● Exercise:
All of the listing, from first line to last, should be output exactly; the pictures stay out.

● Given material:
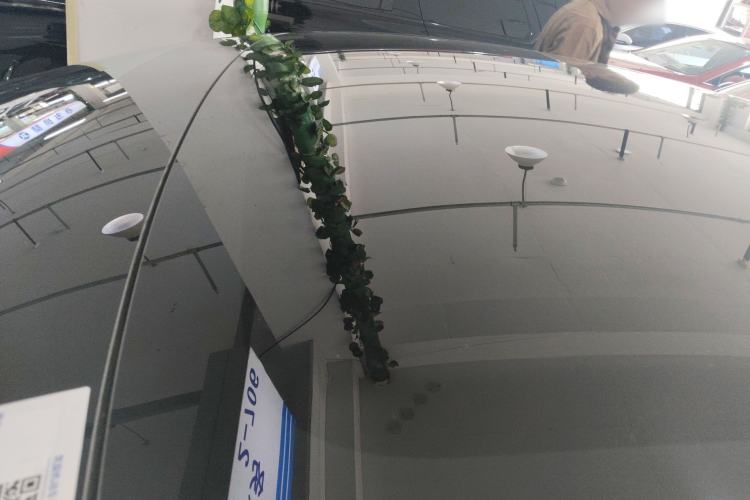 Used Tesla Model 3 2023 Rear-Wheel-Drive Version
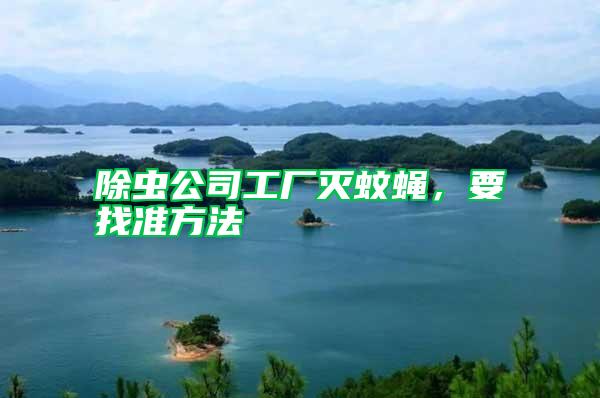 除蟲公司工廠滅蚊蠅，要找準(zhǔn)方法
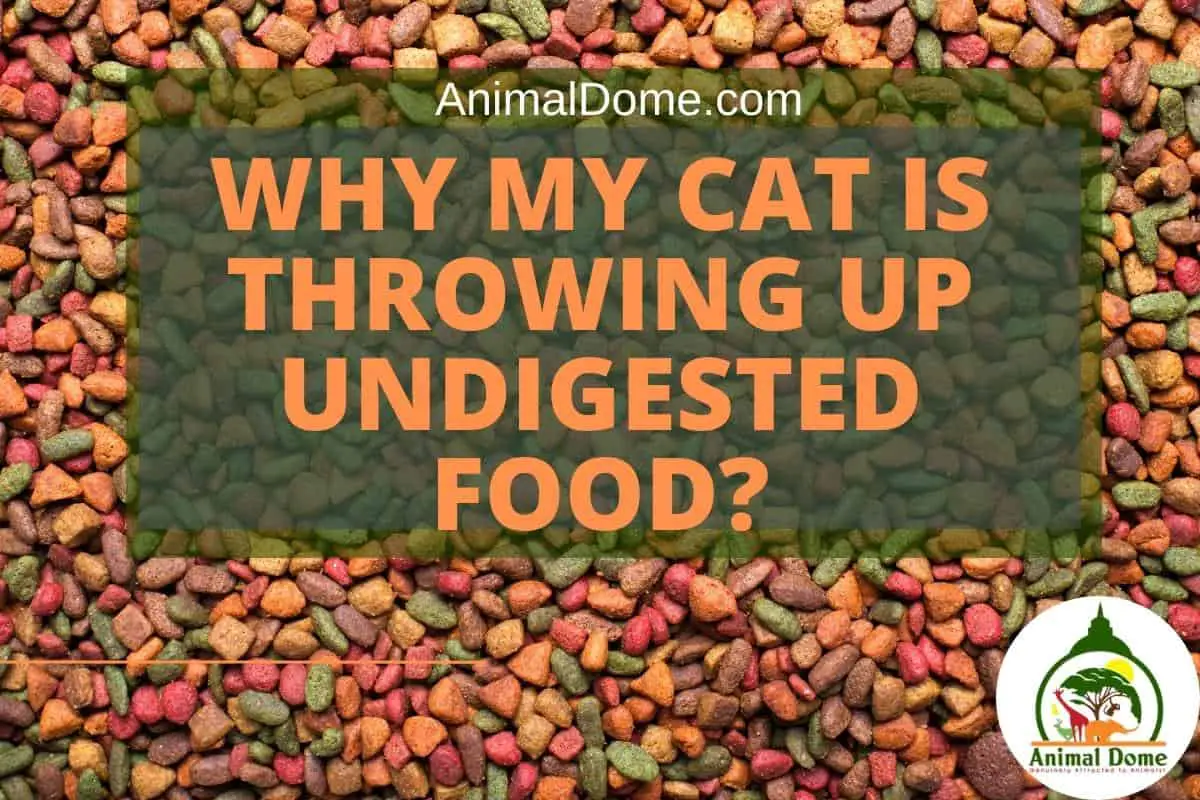 Why My Cat Is Throwing Up Undigested Food?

● Response:
 Used Tesla Model 3 2023 Rear-Wheel-Drive Version
 除蟲公司工廠滅蚊蠅，要找準(zhǔn)方法
 Why My Cat Is Throwing Up Undigested Food?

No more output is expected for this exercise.